Asynchronous API Calls

Here’s how to implement asynchronous API calls:
Create an async function that sends a message to the API and awaits the response.
async def send_message(session, messages, model="alfred-4.2", temperature=0.7, max_tokens=150):
    headers = {
        "Authorization": f"Bearer {api_key}",
        "Content-Type": "application/json"
    }

    payload = {
        "model": model,
        "messages": messages,
        "temperature": temperature,
        "max_tokens": max_tokens
    }

    async with session.post(f"{base_url}/chat/completions", headers=headers, json=payload) as response:
        data = await response.json()
        return data
Use asyncio.gather to send multiple requests simultaneously. This function waits for all futures (asynchronous operations) to complete.
async def main():
    start_time = time.time()

    async with aiohttp.ClientSession() as session:
        tasks = [send_message(session, messages, model="alfred-4.2", temperature=0.4) for messages in messages_batch]
        responses = await asyncio.gather(*tasks)
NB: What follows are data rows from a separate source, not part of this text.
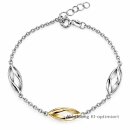 Armband 925 Sterling Silber Bicolor mit gedrehten...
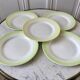 set of 5 dessert plates Digoin green and light yellow gradient pastel years 40-50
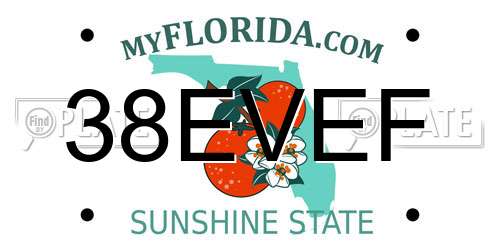 38EVEF Florida License Plate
    duration = time.time() - start_time
    print(f"Asynchronous execution took {duration} seconds.")

    for response in responses:
        print(response["choices"][0]["message"]["content"])

    return responses
Use asyncio.run() to execute the main function, which handles all asynchronous operations.
if __name__ == "__main__":
    asyncio.run(main())

Complete Example

Here is the complete example code:
import aiohttp
import asyncio
import time
import os

# Retrieve authentication information
api_key = os.getenv("PARADIGM_API_KEY")
base_url = os.getenv("PARADIGM_BASE_URL", "https://paradigm.lighton.ai/api/v2")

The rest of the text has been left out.